There was, however, no explanation on why the economy was in a crisis. The Prime Minister says an “unsustainable increase in government expenditure vis-a-vis government income” would lead to “steep rise in prices and loss of confidence in our economy” as indeed had happened in 1991. The question is did this happen overnight? How did we get here? And who let this happen? Was the writing on the wall in Greek?
And don’t expect the Opposition to ask the hard questions. The political lexicon in India is an ever-evolving one. Conventional definition of support means agreement. In current day politics, support can also mean disagreement. So the Samajwadi Party (SP) can say that it disagrees with all the measures that the government took in mid-September and can yet say we support the government. Take the opposition to FDI in retail. Walmart is already procuring and selling in Madhya Pradesh, Uttar Pradesh and Punjab—states ruled by BJP, SP and Akali Dal. Every horror prophesised should have visited these states. Has it? Ideology is not what you stand for but what or which party you stand against. Try and recall a session where the government was cornered for brazen populism and profligacy.
Since the UPA came to power, the government has institutionalised fiscal profligacy. Any enterprise—and that includes the government—has to run on a sustainable model. It must be able to pay for what it spends and if it is borrowing to spend, it must be for assets that will deliver incomes tomorrow. Between 2004 and 2012, the income of the government has increased three times while borrowings have shot up over seven times from `80,000 crore to `5.9 lakh crore. In 2008-09, government was borrowing about `750 crore a day. This year, it will borrow `1,560 crore every day of which more than half will be used for paying interest and debt service.
The Prime Minister says “money does not grow on trees” but apparently government bonds to fund fiscal deficit do grow on trees. You could argue that the money can be borrowed to create productive assets. Well, consider this: revenue expenditure accounts for 86 per cent of total expenditure whereas capital expenditure accounts for barely 13 per cent. Very simply 86 paise of every rupee the government spends is used on the running of the behemoth while barely 13 paise is available to create roads, bridges etc. Just one figure illustrates profligacy most eloquently. The revenue expenditure budgeted for this year is over `12.8 lakh crore while total borrowings is budgeted at `5.69 lakh crore or nearly half the expenditure of running the government is met through borrowings.

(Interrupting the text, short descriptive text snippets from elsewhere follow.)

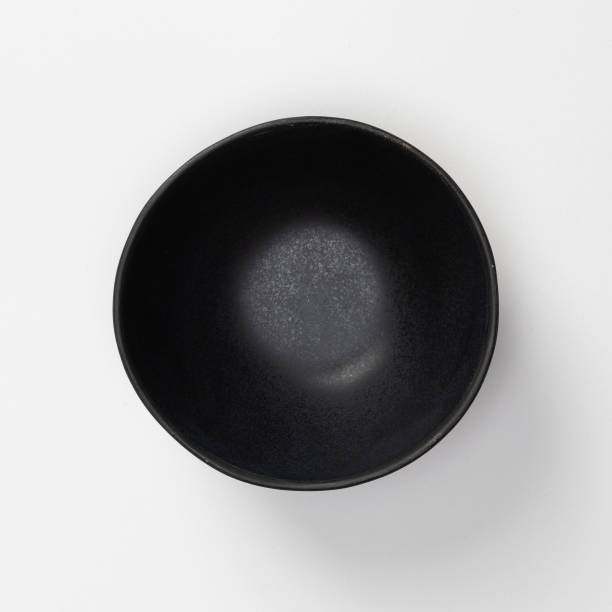 istock Empty blank black ceramic round bowl isolated on white background with shadow, Flat lay of traditional handcrafted kitchenware concept 1407955052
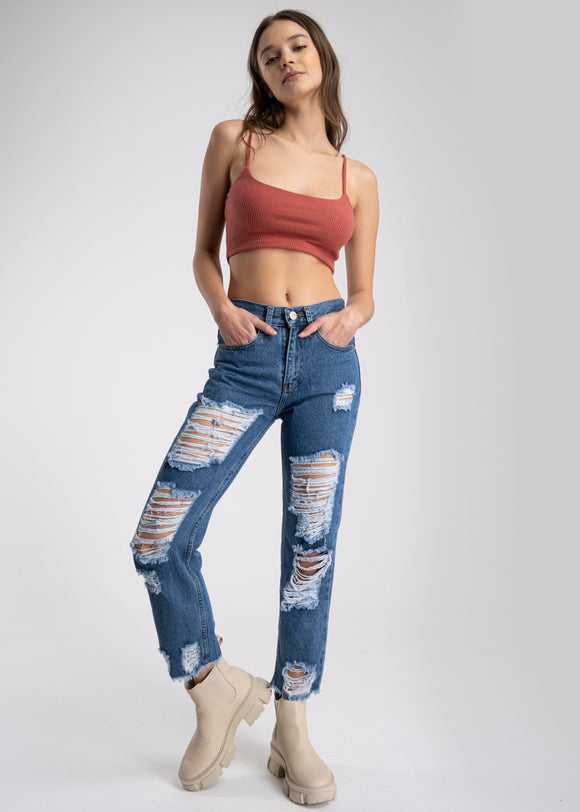 Jeans mom cintura media destrucción flecos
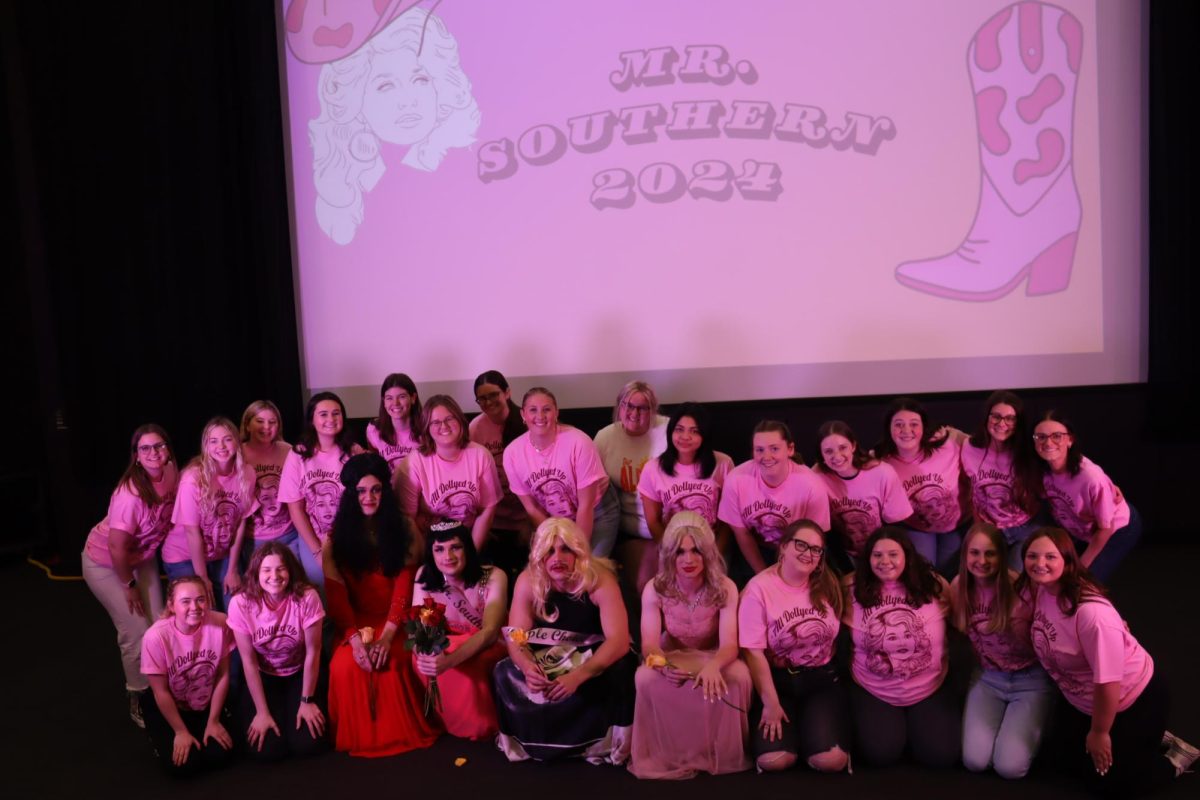 Alpha Sigma Alpha poses with the contestants of Mr. Southern March 22 in Forum I. Alpha Sigma Alpha hosted the drag show event.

Reflecting on the crisis in the low-growth high-entitlement economy of Europe, the Prime Minister says, “The world is not kind to those who do not tackle their own problems. Many European countries are in this position today. They cannot pay their bills and are looking to others for help.” What about the government of India? Why is there no movement on cutting government expenditure? There is no dearth of committees and commissions who have studied this and submitted their recommendations. The Second Administrative Reforms Commission has submitted 15 reports—the last one in April 2009. It is an official secret as to how many of them have been implemented.
Recalling the 1991 crisis, the Prime Minister says India came out of it by taking strong and resolute steps and that “we must act before people lose confidence in our economy”. The question is who is “we”? The UPA presided over the decimation of the India Story as GDP growth declined from 8-plus per cent in September 2010 to 5.5 per cent in June 2012. Last week, the government revealed that between 2007 and 2012, it could build only 17,571 km of the targeted 48,479 km of roads. So who should we hold responsible? The illusionists in government would like us to believe that now the government is now Pardonnez-moi! Cutting subsidies on cooking gas is not reforms. Raising prices of diesel is not reforms. Neither is opening up of retail to FDI a growth steroid. It will address sentiments but what is more critical is addressing the sloth investments are trapped in.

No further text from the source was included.